Sarah Speake: I have to say that I haven’t really put any thought into how I would answer this, because I kind of went off track in thinking about it and it kind of stems back to being in a privileged position of working for an organization like Google, in that many of the people who I have wanted to meet, I have met as a result of being a Google employee. For example, here in the UK there is a famous technology presenter who presented a TV programme called Tomorrow’s World in the 70s and 80s. It was the first technology and science programme that I was ever exposed to as a child, and the woman who presented that is a lady called Maggie Philbin who is now doing a lot of work in encouraging more girls in school level and further down the line to become involved in science and technology courses and subsequent careers. So I’ve been very lucky in being able to meet people like her, and actually asked her the questions I would have wanted to ask, which are questions she couldn’t answer in full like for example, “How do we get women and girls involved in and excited by the field of technology,” which is something that I feel very passionately about. So what came out of that is a joint work project which is really exciting, and she is one very good example.
Equally hearing people like Archbishop Tutu speak live at one of our events has been absolutely inspirational, so in that sense there aren’t five specific people that I would pinpoint at this stage. It’s actually made me look back retrospectively and feel very privileged as I said to have met some of the people that I’ve wanted to meet in person.
Avil Beckford: Which one book had a profound impact on your life? What was it about this book that impacted you so deeply?
Sarah Speake: This might be an odd answer, but it’s actually the book I wrote myself and it’s called Where Did I Go Wrong? and it is the book I wrote after my daughter died. It’s a very harrowing story and is an autobiographical account of what happened to me. And the reason I think it’s the book that had the most profound effect on my life is it was very cathartic to write, and as I reread it over the years it gives me a sense of how I continue to change, and how I continue to grow as somebody at the time of writing was in a very deep, dark place and very grief stricken. So I have been influenced by many books over the years but I think the one that has probably influenced me and had the most impact was the one I wrote myself because of the impact it had on me in terms of my own recovery if you like.

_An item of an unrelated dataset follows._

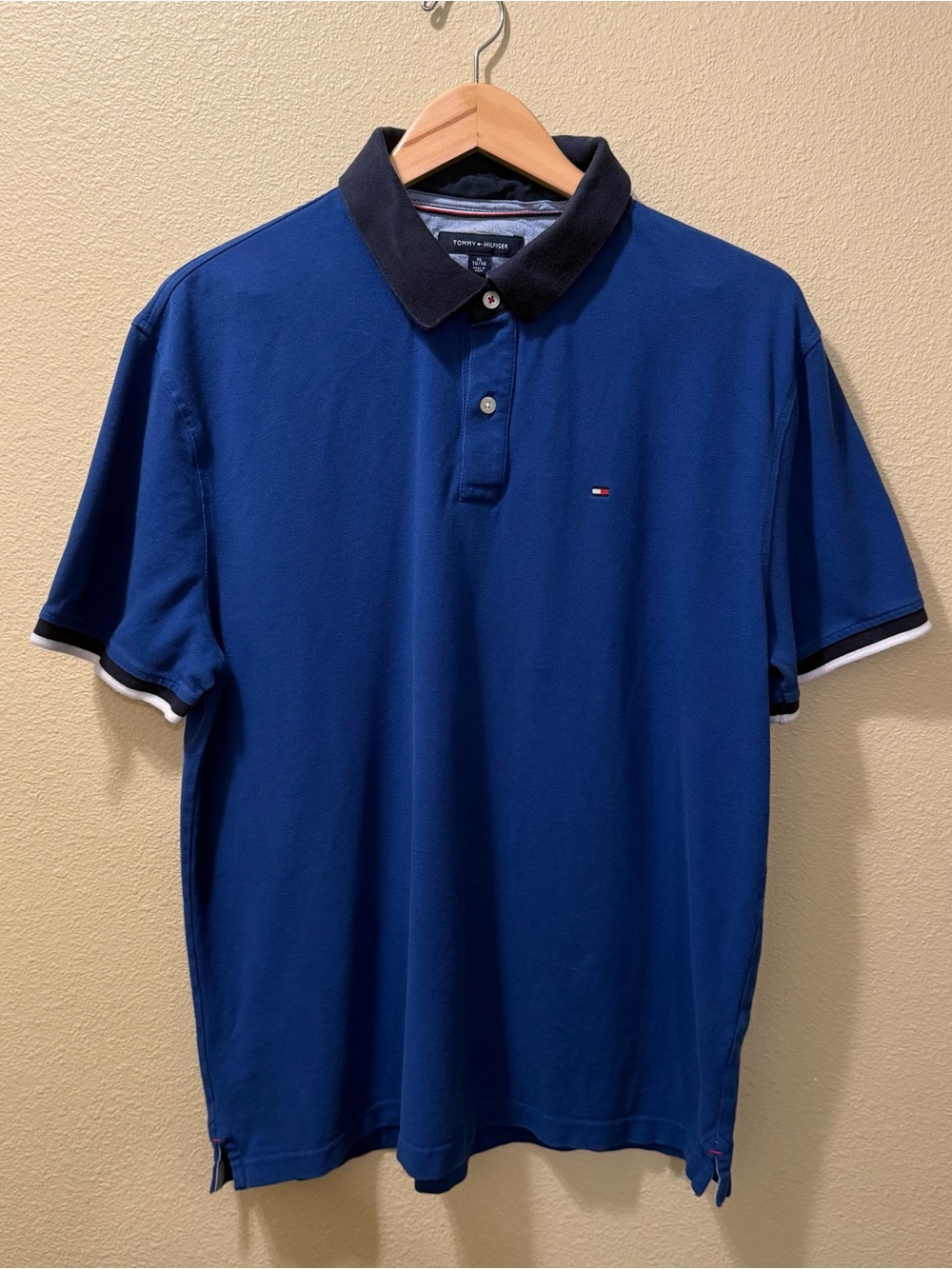 Men’s XL Tommy Hilfiger Custom Fit Blue w/ Black Collar Short Sleeve Polo Shirt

Avil Beckford: What excites you about life?
Sarah Speake: A whole hot of stuff excites me about life. I love being at the top of a mountain in glorious blue sky and skiing down it at high speed surrounded by beautiful scenery. I love being a mother, I love taking risks, calculated risks within the workplace possibly less so outside work, I love spending time with my favourite people, I love very good food and wine, so in some ways I’m very easily excited and I take great pleasure in being alive actually because I nearly wasn’t a few years ago.
Avil Beckford: How do you nurture your soul?
Sarah Speake: That’s about me-time again. And that’s usually about me-time in a very different place geographically, so you asked the question about books earlier and things that have had a profound impact, for me. The best way of nurturing my soul is being in a very isolated place, ideally on a beach in very hot weather with a very good book and I can’t think of anything better than that.
Avil Beckford: If you had a personal genie and she gave you one wish, what would you wish for?
Sarah Speake: To be healthy for the rest of my life and my children’s.
Avil Beckford: Complete the following, I’m happy when…
Sarah Speake: The people around me are really happy.